I briefly (very briefly) rode my race bike on the road, it was a road bike modified for racing, and was a complete dog on the road after modification. I take "docile handling" to mean the ease at which a top performing vehicle can be used for a mundane task like landing on a carrier, you will never be able to drive an F1 car from your house to the supermarket and park it. The F6F as I understand it had top performance when required but was also like a family saloon (perhaps an exaggeration) also, when required.


----------



## Ivan1GFP (Oct 14, 2018)

I believe Swampyankee touched on this with his mention of departure characteristics but more specifically, it help if the slope of the Coefficient of Lift versus AoA curve has a gradual slope past the stall so that loss of lift is not a sudden thing.
Along the same lines, ideally, one would want a very high peak Coefficient of Lift for lower stall speeds, and very little migration of the center of lift so that the aeroplane behaves in a predictable fashion.

I believe also that "control modulation" or the relationship of aircraft response to control inputs is a factor that is very important but also not often mentioned.
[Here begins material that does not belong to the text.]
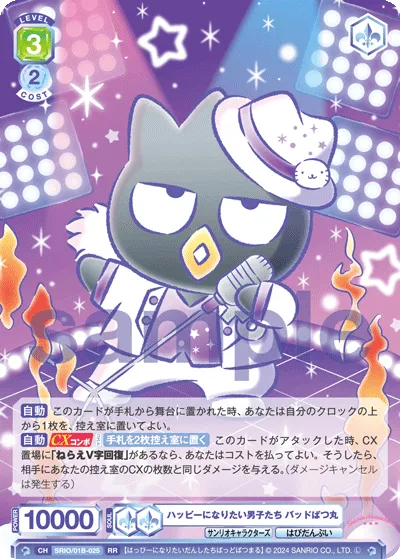 ハッピーになりたい男子たち バッドばつ丸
Certain aircraft can be held at a certain G-Load without difficulty while others are much less precise and will constantly overshoot or undershoot the target.

Along with control forces, there is also the relationship of the movement of the stick to the response of the aircraft. A specific case where this was not ideal was the P-39 Airacobra which seems to have gotten a lot of attention lately. From straight and level flight in cruise condition with a CL of about 0.2 to maximum CL of 1.4 only took about 1 inch of travel of the control stick. (NACA L-602).

Control coupling also tends to result in less than predictable behaviour but only tends to get mentioned with more modern high performance aircraft.

- Ivan.

Reactions: Agree Agree:
1 | Informative Informative:
1 | Like List reactions


----------



## pbehn (Oct 14, 2018)

Throughout the war, the view offered to pilots improved, almost all late war designs had bubble type canopies, this despite the pilots view not being severely criticised previously. The Spitfire started the war with a Malcolm hood and it was fitted to P-51s as a modification 4 years later.

Reactions: Like Like:
1 | Like List reactions


----------



## michael rauls (Oct 14, 2018)

pbehn said:


> Throughout the war, the view offered to pilots improved, almost all late war designs had bubble type canopies, this despite the pilots view not being severely criticised previously. The Spitfire started the war with a Malcolm hood and it was fitted to P-51s as a modification 4 years later.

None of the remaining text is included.